The suffering that this causes is the creation of why we are in a country were 24 million children are without a father. Unless or until a man is willing to stand in their pain and accept this truth to share this pain as a way to end the suffering this will continue. This is how they will heal this by accepting their truth and knowing their pain! You can’t fix this cycle without acceptance of the truth inside yourself let alone the pain that it gives you.
A fatherless daughter -This suffering also has it’s fuel, as a woman you will seek out a man who will abandon you easily, as this is what happened with your first experience with a man if you are a fatherless daughter whether daddy was in your life, yet absent emotionally, or all together physically not in your life you will seek this in a man that you will choose. You will even compromise and even find men who are unavailable because you need to fill this hole inside of you as a father may or may not been in your life but didn’t express the energy you needed because they didn’t lack the communication you needed to heal this. You had to tell yourself a lie about yourself to try and make sense of why this was missing. The truth is you hurt, and you suffer in that hurt doing things in acceptance that are not love, but could in turn be an emotional clinging with no understanding why. You will try and fix this in them, as a means to fix this in yourself. You will find a man who will hurt you in this way without knowing this is the energy you are calling to, not seeing that you are in pain, and make a choice to stay in this pain.
This is why the attachment is different from a mans viewpoint.. A man will not see the emotional attachment as a woman will base this on how the man is or isn’t emotionally available… If his mother has always done nothing but protect him, and he never was able to speak about what his pain was regardless of his actions. It isn’t that never did the man not trust his mother, he will seek out this in relationships.. someone who will continue with him to ignore this pain to create the same energy that a man has become accustomed to with his mother. If she was always attacking him and punishing him without showing him how to heal from what pain causes these actions.
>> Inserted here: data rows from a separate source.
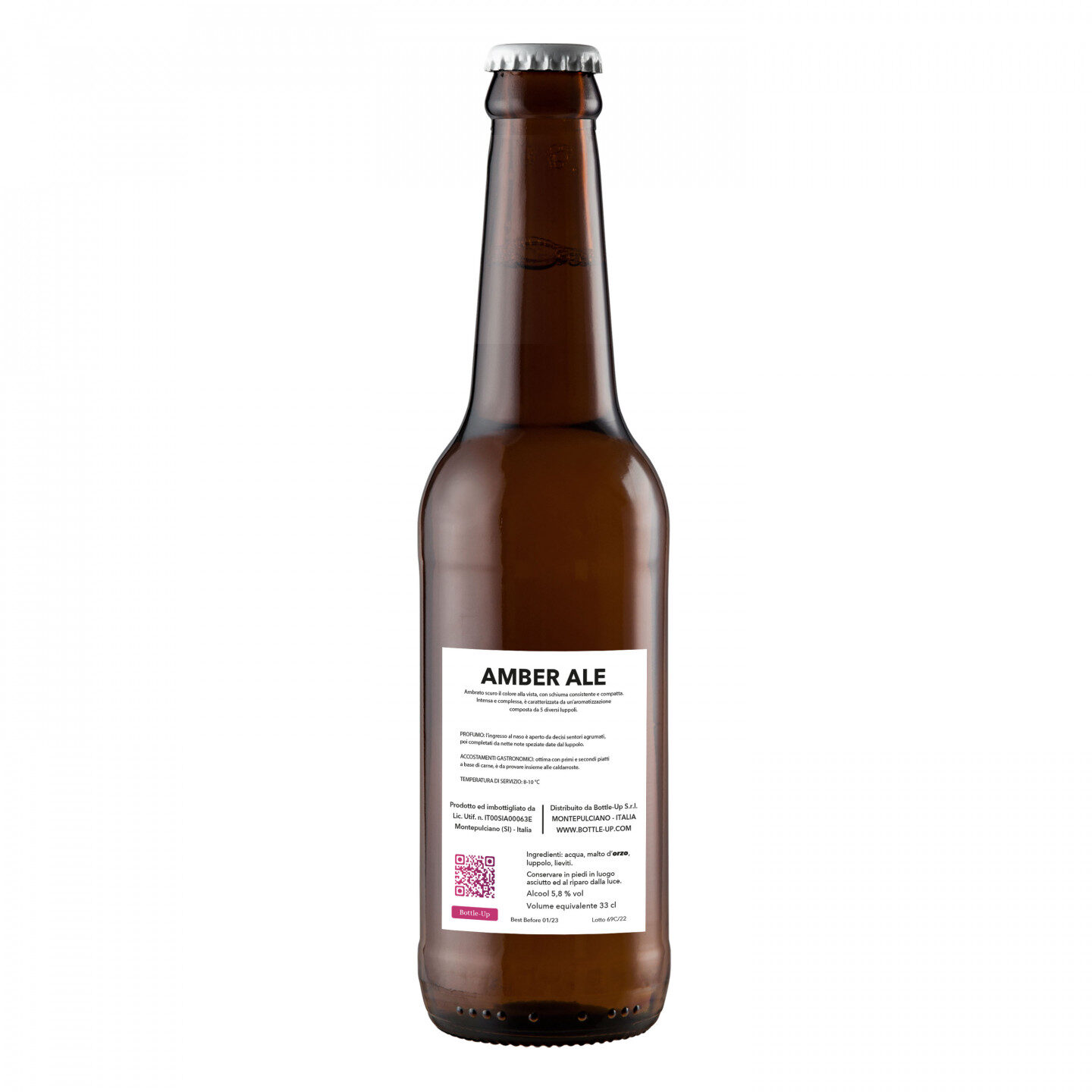 24 Craft Beer Pale Ale - Personalized wedding favors - 0.33 lt. - Image 4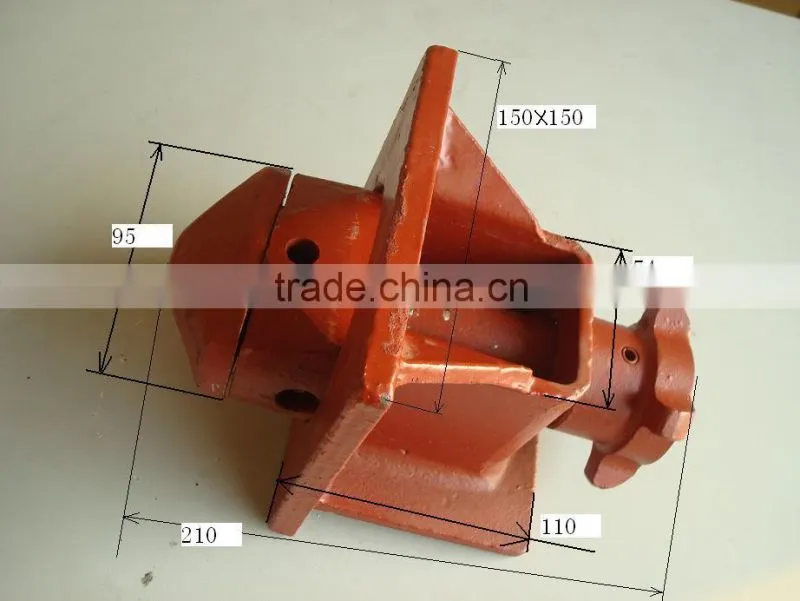 Pole Container Twist Locks Truck Container Door Lock Trailer Container Lift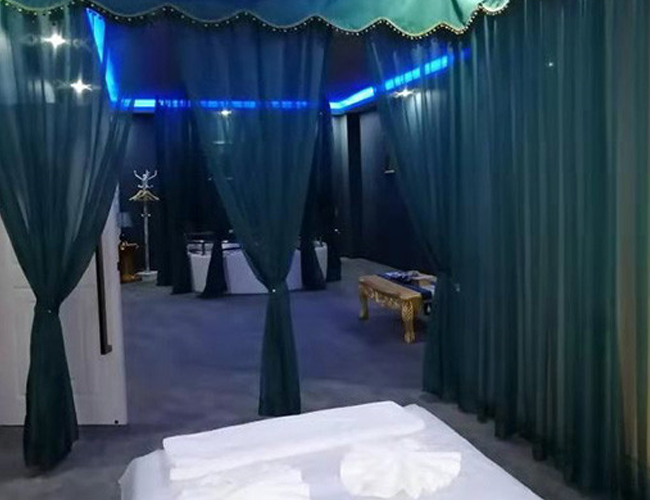 长沙Teyou养生会馆按摩spa馆环境展示六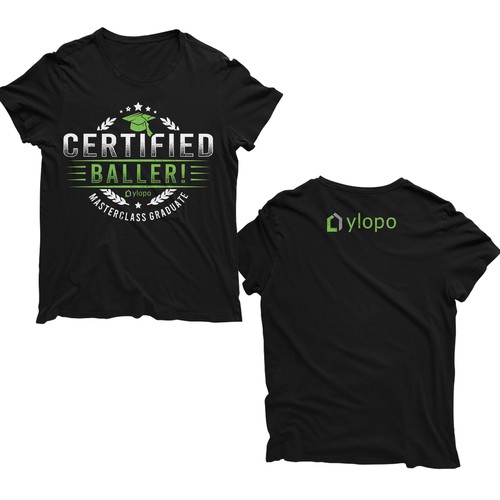 Certified Baller Design by -Diamond Head-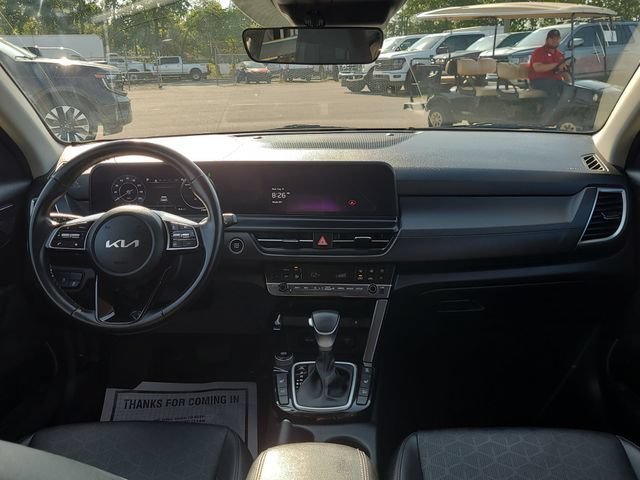 Used 2024 Kia Seltos EX AWD/4WD image 20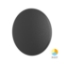 Imagine Corp led PALERMO 10W-3in1 IP65 D180mm NEGRU BR-BG37-00181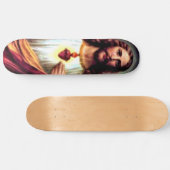 Jesus Custom Pro Slider Board Persoonlijk Skateboard (Horizontaal)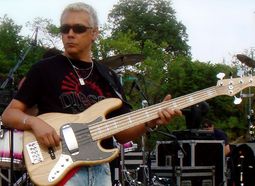 Juan Carlos Mendoza and Band _0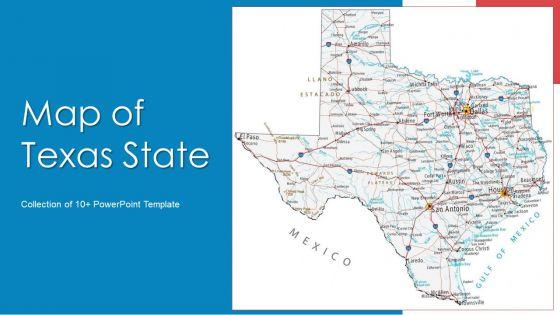 Map_Of_Texas_State_Ppt_PowerPoint_Presentation_Complete_With_Slides_Slide_1.jpg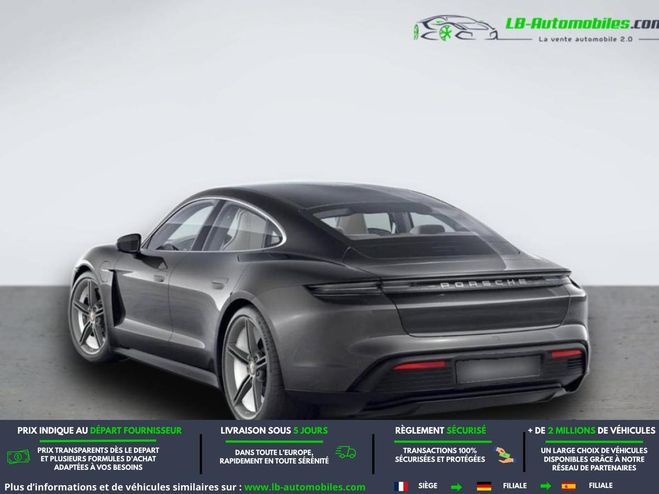 Porsche Taycan 4S 530 ch Gris M�tallique de 2021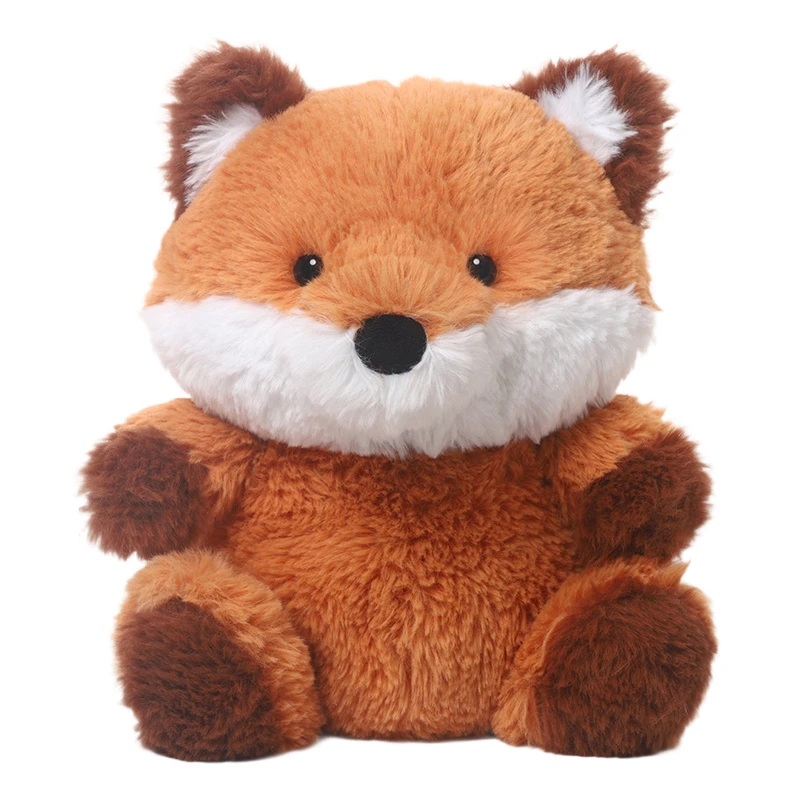 Peluche zorro suave para bebé y niño, regalo infantil - imagen 2
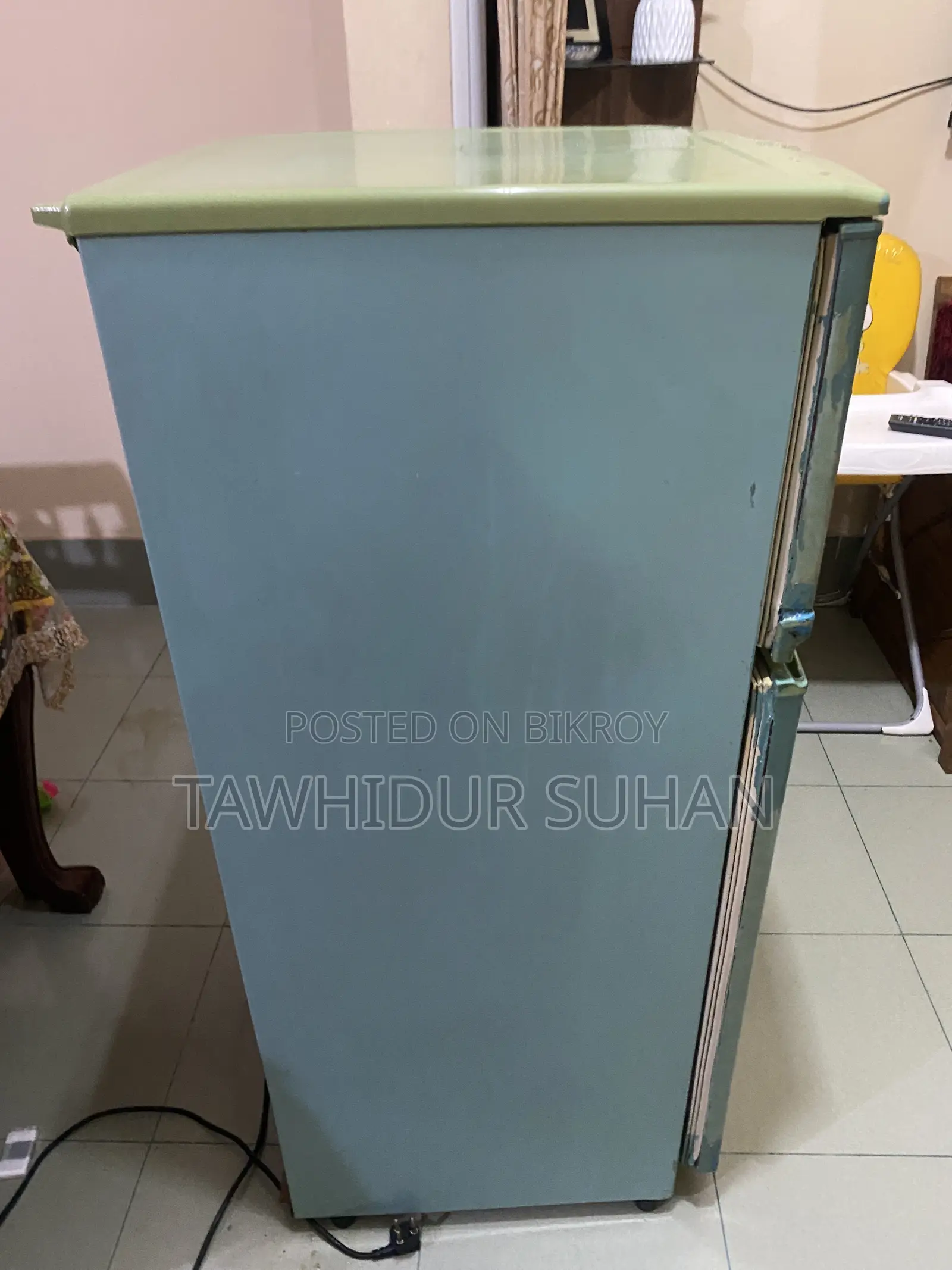 Samsung Refrigerator SR-17NFB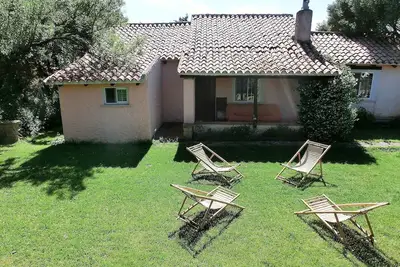 Image de Villa dans un endroit calme à la campagne SPÉCIAL Pour Les Familles Avec Enfants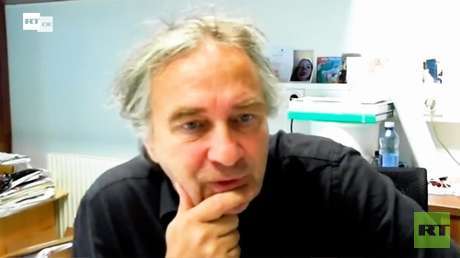 Psychoneuroimmunologe Christian Schubert: "Es ist höchst beunruhigend, was hier passiert"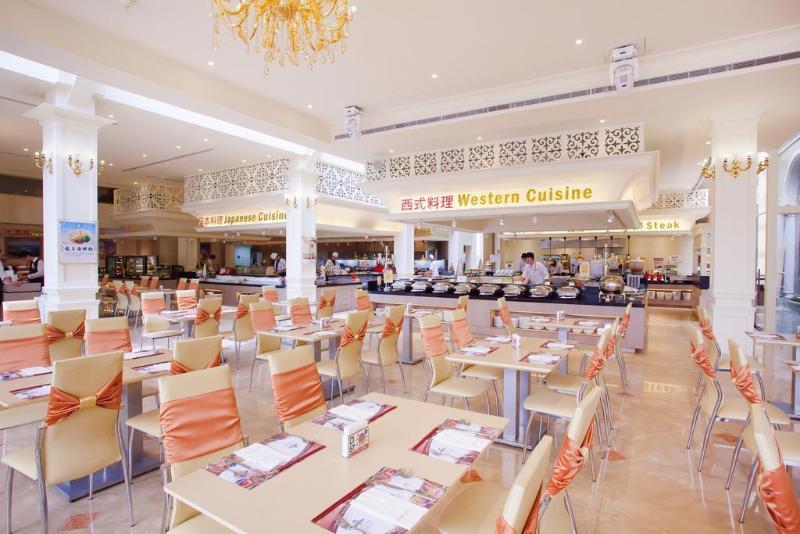 Plaza International Hotel Tajcshung Kültér fotó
He will seek relationships similar to this as he makes the choice to be in relationships. He will seek a woman who is ok with him not sharing his pain and accepting him regardless of his actions and lack of knowing how to communicate his heart that is hurt or that is of emotional energy. This removal of being attached makes it probable that there is a hidden pain that will be found out by the woman. In most if not all cases if a man is able to walk away and be unforgiving it is because it was done to him by his father or mother.. The ability to walk away from a relationship is taught by experiencing it with no reason. If a man can do this they were abandoned by their father. There was no explanation and no looking back. The male child will now duplicate this behavior. This to the son who’s father leaves or is absent in their life will not know how to be understanding of those actions.
In most cases they will be in the relationship with only one foot out the door no matter the time line of the relationship. The cycle doesn’t end there, they will seek out like energy to include a relationship where the woman has children and the father is absent in the children’s lives. This will turn into a challenging relationship as the man will take a full role in being as the children are cause of the energy feels the same. It is the law of energy that is the truth not the thought process as it hasn’t become aware in this way. How could it? If this was seen as it was with energy wouldn’t it be up to both male and female to heal this one child at a time, to include the inner child they both have?